- _Provided material_:
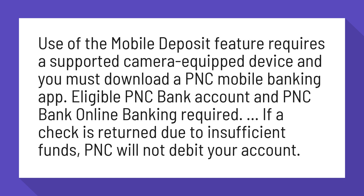If a check is returned due to insufficient funds, PNC will not debit your account.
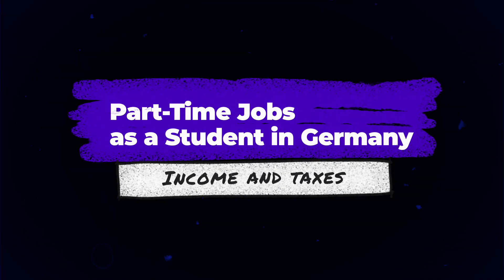In this video, we're going to discuss exactly that — how much can you earn in Germany from part-time jobs as a student? Before we start, let's iron out some key rules you need to follow as a working student in Germany.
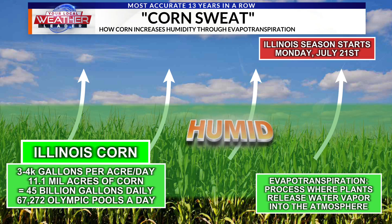You can see the humidity right there above the corn — plants are the cornerstone of this process. Evapotranspiration is the process where plants release water vapor into the atmosphere, and corn is super efficient at it. It's about three to four thousand gallons per acre per day. That's a lot — with about 1.1 million acres of corn, that works out to 45 billion gallons daily.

- _Exercise_:
Please return, exactly and with pictures omitted, the lines from the line holding "In this video, we're" through the end of the data above, inclusive.

- _Solution to this exercise_:
In this video, we're going to discuss exactly that — how much can you earn in Germany from part-time jobs as a student? Before we start, let's iron out some key rules you need to follow as a working student in Germany.
You can see the humidity right there above the corn — plants are the cornerstone of this process. Evapotranspiration is the process where plants release water vapor into the atmosphere, and corn is super efficient at it. It's about three to four thousand gallons per acre per day. That's a lot — with about 1.1 million acres of corn, that works out to 45 billion gallons daily.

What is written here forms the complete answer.